Africa’s trade unions want EU trade agreements scrapped

5 May 2008

By Leigh Phillips

Africa’s trade unions called on their governments to nullify the interim trade agreements they have signed with the European Union, saying they leave African nations "weak" within the global market.

"We join the call for the nullification of the interim EPAs and for appropriate time to be given for negotiating new trade relations between Africa and Europe that take account of Africa’s genuine needs for development and regional integration," said International Trade Union Confederation-Africa (ITUC-Africa) secretary general Kwasi Adu-Amankwah on Thursday (1 May), according to a report by AFP.

The Economic Partnership Agreements (EPAs) signed between the EU and African, Caribbean and Pacific (ACP) countries are an attempt to establish free trade between Europe and developing nations. The agreements follow on from criticism by the WTO of earlier preferential trade agreements with ACP countries as incompatible with WTO rules and are due to take effect this year.

A number of African countries signed interim EPAs late last year, but the ITUC-Africa - the regional grouping of the global trade union central - worries that the agreements favour European businesses at the expense of their developing nation counterparts.

"African nations come out as weak partners, subject to neo-liberal dictates of international financial institutions and their accompanying trade rules established by WTO," said Mr Adu-Amankwah.

The call comes on the heels of criticism of the EPAs as detrimental to Southern countries by two leading development NGOs.

At the twelfth UN Conference on Trade and Development (UNCTAD) in Ghana, which concluded its proceedings on 25 April, both Oxfam and the World Development Movement urged the EU to give a rethink to its trade deals with developing countries.

The two groups presented analyses of the EU’s bilateral trade agreements, which concluded that the agreements would undermine development throughout the global south.
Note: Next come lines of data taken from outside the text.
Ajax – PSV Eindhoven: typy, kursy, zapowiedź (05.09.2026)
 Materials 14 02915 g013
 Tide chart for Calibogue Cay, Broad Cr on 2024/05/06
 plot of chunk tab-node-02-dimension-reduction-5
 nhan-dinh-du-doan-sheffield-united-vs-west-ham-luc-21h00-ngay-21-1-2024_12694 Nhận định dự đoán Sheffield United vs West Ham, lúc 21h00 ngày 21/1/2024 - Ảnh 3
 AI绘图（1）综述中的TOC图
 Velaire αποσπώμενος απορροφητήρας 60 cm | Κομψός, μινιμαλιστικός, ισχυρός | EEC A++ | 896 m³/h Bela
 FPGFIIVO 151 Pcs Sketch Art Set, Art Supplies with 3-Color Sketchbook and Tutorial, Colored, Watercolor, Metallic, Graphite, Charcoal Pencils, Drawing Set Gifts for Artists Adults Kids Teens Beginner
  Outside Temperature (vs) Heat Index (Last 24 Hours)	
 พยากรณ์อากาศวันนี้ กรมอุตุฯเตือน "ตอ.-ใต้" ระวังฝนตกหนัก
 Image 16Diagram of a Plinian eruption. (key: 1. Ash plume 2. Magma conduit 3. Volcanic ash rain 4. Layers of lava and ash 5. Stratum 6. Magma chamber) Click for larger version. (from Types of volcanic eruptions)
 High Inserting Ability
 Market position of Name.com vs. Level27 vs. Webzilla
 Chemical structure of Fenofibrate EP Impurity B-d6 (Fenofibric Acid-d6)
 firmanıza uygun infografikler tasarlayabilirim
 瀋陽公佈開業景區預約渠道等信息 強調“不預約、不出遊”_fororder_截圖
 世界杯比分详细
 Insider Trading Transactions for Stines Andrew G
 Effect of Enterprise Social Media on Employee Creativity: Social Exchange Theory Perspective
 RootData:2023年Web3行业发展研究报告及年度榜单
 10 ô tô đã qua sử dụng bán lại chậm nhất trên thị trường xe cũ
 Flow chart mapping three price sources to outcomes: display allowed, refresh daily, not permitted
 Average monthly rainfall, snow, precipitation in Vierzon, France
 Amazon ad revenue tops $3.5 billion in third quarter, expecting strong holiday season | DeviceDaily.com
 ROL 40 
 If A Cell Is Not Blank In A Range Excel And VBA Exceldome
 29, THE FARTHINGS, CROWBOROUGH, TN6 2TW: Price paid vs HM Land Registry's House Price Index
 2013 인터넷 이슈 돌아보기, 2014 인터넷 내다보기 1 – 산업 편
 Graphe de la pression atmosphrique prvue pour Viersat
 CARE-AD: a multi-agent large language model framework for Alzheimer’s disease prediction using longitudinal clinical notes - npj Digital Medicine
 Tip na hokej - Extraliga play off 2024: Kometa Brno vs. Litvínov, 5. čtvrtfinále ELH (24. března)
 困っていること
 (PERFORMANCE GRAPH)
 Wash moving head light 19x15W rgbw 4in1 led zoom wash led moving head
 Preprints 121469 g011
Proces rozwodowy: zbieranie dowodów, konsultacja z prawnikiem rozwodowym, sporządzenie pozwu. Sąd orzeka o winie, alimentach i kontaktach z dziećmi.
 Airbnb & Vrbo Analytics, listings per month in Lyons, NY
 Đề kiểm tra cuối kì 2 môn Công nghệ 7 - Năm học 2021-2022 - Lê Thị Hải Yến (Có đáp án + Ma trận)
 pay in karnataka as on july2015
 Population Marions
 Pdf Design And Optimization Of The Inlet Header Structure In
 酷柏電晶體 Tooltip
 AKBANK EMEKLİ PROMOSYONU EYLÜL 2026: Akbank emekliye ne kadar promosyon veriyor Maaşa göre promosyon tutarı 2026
Mouhamet Lamine Ndiaye, a campaigner with Oxfam said : "Our analysis shows that these deals have strayed far from the development template they were supposed to follow. The cost will be enormous : annual losses from tariff cuts of €230 million for Africa alone, and a further €9bn for compliance for all the countries involved.

"Not to mention the loss of independent trade policy, badly needed to promote development and protect livelihoods," he added.

The group warns that developing countries have been granted very limited scope to retain any protection and they have had to use it for agricultural products on which the EU still pays big subsidies.

Also at the UNCTAD meeting, the UK-based development charity World Development Movement issued a report analysing two existing EU bilateral trade agreements, with South Africa and Mexico, claiming they were leading to increased poverty in the countries.

The agreement signed with Mexico means that the country can no longer regulate the proportion of foreign shareholdings in banks. According to WDM’s report, this has meant that the Mexican banking sector has become dominated by a few foreign banks, which in turn has resulted in reduced access to credit for small and medium-sized companies and small farmers.

In the agreement signed with South Africa, argues the report, the EU agreed to cut tariffs on just 25 per cent of the goods South Africa actually exports to the EU while South Africa cut tariffs on 40 per cent of the goods the EU exports to South Africa.